China, India, and the Taliban: Geopolitics and Resource Rivalries in Afghanistan
Last Updated: October 15, 2025
The intricate web of alliances and rivalries in Central Asia continues to evolve, with the Taliban at the center of a complex geopolitical game involving Pakistan, India, China, Russia, and the United States. Recent developments reveal a landscape marked by resource exploitation, shifting allegiances, and regional tensions.
China’s Strategic Expansion in Afghanistan
China’s rising footprint in Afghanistan is clear from its push to tap into the country’s vast mineral wealth. With rich reserves of natural resources, northern Afghanistan is now seen by Beijing as part of its own backyard.

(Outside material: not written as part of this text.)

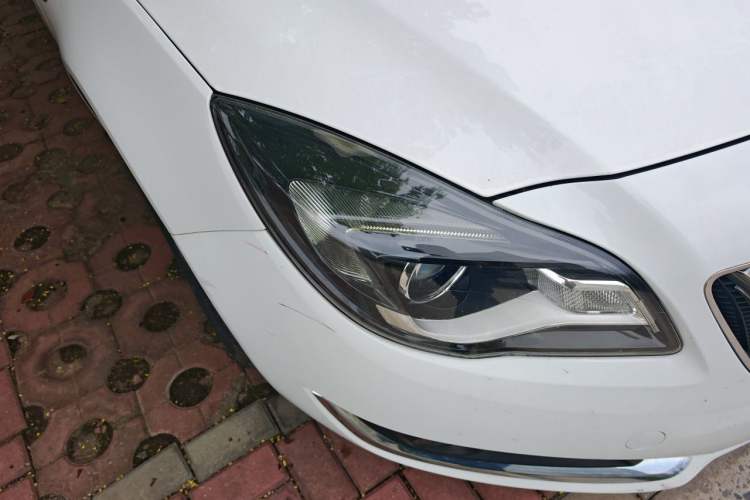 Used Buick Regal 2014 2.0L Leading Fashion Edition Right Front Headlight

After the Taliban captured power on August 31, 2021, China reportedly cooperated with the group to track down and neutralize anti-Taliban resistance fighters, ensuring uninterrupted access to Afghanistan’s natural resources.
Evidence
indicates that Beijing is systematically extracting Afghanistan’s mineral
resources, retaining most of the profits while granting Taliban leaders and
officials only limited concessions. Although these sums may appear substantial
to the Taliban, they represent only a fraction of the minerals’ true value and
fall far short of what Afghanistan could gain under fairer market conditions.
We have
examined this issue in several of our previous articles:
Taliban sells off Afghanistan's natural resources to enrich themselves
Can the NRF Defeat the Taliban?
Challenging the Narrative: Afghan Resistance in the Face of the Taliban - Part 1
The Chinese government is accused of underpaying for mineral rights, purchasing resources at a fraction of their true worth, and effectively stealing Afghanistan’s resources while backing the Taliban regime. The Taliban leadership, largely illiterate and politically naive, fails to grasp that China’s primary interest is economic gain, not genuine partnership or development.
U.S. Engagement and the Battle for Bagram
On September 13, 2025, U.S. envoys Zalmay Khalilzad and Adam Boehler paid yet another visit to the Taliban in Kabul, Afghanistan, ostensibly to negotiate the release of American captives. The Taliban published several pictures of the meeting:
This was Khalilzad’s second such visit under the guise of freeing American captives of the Taliban. The first one was in March 2025, just a few weeks after Donald Trump was elected President of the USA. But behind closed doors, the real objective was likely to regain control of Bagram Airfield—a strategic military asset abandoned by the U.S. in 2021.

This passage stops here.